Reproduce all of the data, making sure that no line differs from the original.

Saved entries
=== Section Start ===

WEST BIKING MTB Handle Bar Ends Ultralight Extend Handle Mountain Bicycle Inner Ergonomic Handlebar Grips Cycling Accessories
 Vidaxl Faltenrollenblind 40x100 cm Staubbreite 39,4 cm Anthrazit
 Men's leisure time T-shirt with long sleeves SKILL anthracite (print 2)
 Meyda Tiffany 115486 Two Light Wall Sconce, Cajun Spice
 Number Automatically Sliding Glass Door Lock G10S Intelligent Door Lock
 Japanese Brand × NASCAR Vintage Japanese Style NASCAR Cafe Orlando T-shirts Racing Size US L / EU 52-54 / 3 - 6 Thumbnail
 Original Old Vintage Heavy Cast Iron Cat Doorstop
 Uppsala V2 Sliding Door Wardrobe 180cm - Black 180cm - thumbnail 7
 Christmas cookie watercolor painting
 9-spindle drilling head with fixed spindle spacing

=== Section End ===

### Answer space
WEST BIKING MTB Handle Bar Ends Ultralight Extend Handle Mountain Bicycle Inner Ergonomic Handlebar Grips Cycling Accessories
 Vidaxl Faltenrollenblind 40x100 cm Staubbreite 39,4 cm Anthrazit
 Men's leisure time T-shirt with long sleeves SKILL anthracite (print 2)
 Meyda Tiffany 115486 Two Light Wall Sconce, Cajun Spice
 Number Automatically Sliding Glass Door Lock G10S Intelligent Door Lock
 Japanese Brand × NASCAR Vintage Japanese Style NASCAR Cafe Orlando T-shirts Racing Size US L / EU 52-54 / 3 - 6 Thumbnail
 Original Old Vintage Heavy Cast Iron Cat Doorstop
 Uppsala V2 Sliding Door Wardrobe 180cm - Black 180cm - thumbnail 7
 Christmas cookie watercolor painting
 9-spindle drilling head with fixed spindle spacing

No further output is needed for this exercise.